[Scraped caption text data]

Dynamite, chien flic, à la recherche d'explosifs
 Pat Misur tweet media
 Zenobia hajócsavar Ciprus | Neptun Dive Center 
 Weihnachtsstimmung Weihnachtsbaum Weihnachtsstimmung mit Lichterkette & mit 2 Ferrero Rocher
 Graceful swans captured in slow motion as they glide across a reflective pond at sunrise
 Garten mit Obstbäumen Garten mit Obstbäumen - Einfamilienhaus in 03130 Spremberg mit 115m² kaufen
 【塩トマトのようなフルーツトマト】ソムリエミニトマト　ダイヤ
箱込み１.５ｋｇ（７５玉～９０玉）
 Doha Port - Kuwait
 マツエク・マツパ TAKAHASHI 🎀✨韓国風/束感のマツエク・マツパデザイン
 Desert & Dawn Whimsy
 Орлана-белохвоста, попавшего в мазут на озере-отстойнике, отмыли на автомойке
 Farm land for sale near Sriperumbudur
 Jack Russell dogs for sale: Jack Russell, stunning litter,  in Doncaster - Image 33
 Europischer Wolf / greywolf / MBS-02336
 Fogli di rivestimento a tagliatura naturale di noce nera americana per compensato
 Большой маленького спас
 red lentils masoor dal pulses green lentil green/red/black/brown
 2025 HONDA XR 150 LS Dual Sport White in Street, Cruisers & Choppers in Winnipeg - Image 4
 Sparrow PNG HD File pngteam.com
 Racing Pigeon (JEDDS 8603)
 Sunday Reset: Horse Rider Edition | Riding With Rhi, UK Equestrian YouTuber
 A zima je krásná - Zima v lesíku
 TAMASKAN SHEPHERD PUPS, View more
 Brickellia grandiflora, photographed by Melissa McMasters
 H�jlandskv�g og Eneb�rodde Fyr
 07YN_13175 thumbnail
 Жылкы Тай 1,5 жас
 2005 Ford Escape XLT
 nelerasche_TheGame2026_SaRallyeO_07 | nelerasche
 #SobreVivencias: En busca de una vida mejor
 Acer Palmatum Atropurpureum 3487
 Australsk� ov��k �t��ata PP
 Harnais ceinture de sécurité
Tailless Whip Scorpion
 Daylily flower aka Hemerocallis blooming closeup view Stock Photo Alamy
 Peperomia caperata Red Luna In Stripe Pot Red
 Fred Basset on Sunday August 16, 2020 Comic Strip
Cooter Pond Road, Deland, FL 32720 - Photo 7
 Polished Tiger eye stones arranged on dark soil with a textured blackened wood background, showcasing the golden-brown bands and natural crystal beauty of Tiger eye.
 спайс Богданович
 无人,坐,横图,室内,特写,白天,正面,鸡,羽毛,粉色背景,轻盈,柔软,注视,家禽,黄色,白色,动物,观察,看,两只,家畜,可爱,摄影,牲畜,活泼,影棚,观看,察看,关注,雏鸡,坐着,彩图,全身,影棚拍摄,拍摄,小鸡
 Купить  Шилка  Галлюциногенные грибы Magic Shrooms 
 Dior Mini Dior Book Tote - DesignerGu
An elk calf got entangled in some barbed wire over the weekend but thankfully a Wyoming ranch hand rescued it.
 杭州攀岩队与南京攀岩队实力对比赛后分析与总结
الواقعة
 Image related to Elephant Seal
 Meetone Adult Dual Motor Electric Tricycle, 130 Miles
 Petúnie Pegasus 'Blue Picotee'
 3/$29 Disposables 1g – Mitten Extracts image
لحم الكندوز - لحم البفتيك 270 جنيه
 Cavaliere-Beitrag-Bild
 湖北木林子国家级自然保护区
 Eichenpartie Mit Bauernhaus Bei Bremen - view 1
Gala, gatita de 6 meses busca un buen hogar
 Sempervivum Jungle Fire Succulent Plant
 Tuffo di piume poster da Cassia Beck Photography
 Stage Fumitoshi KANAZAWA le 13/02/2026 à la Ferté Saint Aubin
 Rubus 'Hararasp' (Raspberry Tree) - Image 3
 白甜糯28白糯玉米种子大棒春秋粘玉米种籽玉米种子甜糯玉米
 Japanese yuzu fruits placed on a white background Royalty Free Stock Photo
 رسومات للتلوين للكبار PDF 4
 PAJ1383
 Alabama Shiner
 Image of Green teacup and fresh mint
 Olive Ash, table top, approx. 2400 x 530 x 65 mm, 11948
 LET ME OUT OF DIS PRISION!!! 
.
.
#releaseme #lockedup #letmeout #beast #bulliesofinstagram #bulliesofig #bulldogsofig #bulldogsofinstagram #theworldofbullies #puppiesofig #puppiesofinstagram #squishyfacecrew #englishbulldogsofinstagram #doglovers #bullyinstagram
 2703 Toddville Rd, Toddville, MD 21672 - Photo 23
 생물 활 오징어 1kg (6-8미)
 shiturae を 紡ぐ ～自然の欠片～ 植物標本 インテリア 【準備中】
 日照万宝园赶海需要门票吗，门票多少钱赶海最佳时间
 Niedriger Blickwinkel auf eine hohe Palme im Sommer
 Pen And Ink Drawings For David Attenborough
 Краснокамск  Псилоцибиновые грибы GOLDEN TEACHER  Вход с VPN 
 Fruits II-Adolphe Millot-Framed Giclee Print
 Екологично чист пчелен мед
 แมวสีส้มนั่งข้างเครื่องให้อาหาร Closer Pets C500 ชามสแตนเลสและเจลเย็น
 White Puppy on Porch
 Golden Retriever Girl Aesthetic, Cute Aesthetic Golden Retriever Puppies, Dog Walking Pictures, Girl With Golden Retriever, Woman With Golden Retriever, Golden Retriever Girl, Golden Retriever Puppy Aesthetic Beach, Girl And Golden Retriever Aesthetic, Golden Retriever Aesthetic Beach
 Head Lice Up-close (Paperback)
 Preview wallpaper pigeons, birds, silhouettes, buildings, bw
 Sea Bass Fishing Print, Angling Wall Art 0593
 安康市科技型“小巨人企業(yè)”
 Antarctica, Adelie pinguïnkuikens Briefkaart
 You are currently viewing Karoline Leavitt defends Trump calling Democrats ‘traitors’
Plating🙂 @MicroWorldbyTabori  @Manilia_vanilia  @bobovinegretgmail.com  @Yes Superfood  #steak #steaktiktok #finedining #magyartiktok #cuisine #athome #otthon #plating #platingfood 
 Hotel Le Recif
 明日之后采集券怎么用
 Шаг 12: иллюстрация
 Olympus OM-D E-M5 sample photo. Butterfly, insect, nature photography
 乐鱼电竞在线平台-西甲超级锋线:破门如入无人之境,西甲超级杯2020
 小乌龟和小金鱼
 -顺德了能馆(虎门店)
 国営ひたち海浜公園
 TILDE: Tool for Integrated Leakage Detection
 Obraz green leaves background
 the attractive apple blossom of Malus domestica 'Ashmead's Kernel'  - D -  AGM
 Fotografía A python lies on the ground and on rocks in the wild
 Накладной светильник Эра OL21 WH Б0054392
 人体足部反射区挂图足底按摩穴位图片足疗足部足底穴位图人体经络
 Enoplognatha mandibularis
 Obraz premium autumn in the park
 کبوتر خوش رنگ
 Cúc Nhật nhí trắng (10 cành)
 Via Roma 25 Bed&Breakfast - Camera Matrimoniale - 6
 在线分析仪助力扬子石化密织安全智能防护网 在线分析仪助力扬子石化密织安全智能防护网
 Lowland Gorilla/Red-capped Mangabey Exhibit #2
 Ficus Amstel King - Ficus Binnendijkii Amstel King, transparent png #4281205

■ Description of the task
All lines above with "Obraz" in them should be returned.

■ Result of the task
 Obraz green leaves background
 Obraz premium autumn in the park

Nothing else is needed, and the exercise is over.